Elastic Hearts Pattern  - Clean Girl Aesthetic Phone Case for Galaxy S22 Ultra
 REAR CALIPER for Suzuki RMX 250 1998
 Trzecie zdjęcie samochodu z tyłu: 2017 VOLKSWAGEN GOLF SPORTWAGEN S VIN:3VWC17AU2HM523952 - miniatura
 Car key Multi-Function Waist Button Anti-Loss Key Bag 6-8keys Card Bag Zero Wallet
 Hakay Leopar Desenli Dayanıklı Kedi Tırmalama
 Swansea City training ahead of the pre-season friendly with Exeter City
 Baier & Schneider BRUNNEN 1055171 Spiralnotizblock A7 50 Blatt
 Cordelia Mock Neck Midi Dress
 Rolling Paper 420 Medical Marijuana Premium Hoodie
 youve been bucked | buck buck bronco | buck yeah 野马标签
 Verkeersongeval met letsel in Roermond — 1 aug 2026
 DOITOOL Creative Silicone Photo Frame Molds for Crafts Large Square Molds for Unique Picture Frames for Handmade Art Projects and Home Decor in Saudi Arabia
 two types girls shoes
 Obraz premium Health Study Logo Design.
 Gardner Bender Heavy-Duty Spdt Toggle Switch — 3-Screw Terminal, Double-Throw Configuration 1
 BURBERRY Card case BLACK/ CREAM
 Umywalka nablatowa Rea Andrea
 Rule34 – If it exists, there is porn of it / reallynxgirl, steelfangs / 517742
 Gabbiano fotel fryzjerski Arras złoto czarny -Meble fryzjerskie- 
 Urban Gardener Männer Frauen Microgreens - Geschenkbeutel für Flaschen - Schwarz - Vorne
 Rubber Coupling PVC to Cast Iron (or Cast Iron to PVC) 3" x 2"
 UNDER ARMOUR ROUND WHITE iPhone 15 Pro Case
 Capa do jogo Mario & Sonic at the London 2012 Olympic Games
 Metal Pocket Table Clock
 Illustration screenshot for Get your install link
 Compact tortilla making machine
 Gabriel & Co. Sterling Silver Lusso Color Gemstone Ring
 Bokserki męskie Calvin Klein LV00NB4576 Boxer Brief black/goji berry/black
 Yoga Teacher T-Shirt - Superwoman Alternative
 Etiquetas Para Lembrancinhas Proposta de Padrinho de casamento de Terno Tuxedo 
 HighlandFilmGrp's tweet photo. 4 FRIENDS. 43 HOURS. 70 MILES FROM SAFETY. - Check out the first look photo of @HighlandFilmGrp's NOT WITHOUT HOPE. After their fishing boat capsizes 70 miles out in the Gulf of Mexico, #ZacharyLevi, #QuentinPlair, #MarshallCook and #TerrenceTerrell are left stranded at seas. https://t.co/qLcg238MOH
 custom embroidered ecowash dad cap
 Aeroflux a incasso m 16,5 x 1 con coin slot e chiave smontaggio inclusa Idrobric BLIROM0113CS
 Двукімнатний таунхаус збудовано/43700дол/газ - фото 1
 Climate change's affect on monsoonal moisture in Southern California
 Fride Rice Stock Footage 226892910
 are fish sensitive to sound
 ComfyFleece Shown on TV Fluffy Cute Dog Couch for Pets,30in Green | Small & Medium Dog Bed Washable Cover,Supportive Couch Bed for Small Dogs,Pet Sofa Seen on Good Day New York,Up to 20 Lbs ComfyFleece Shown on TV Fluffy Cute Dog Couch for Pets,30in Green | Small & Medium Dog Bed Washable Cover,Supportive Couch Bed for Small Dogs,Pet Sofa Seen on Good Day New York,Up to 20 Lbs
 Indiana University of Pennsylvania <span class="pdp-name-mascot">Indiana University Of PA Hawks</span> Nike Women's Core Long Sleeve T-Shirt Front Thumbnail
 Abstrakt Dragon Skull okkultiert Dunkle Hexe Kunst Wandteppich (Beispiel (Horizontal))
·····
Work required: Sift through the material above and copy each line that holds "Card".

Result:
 Car key Multi-Function Waist Button Anti-Loss Key Bag 6-8keys Card Bag Zero Wallet
 BURBERRY Card case BLACK/ CREAM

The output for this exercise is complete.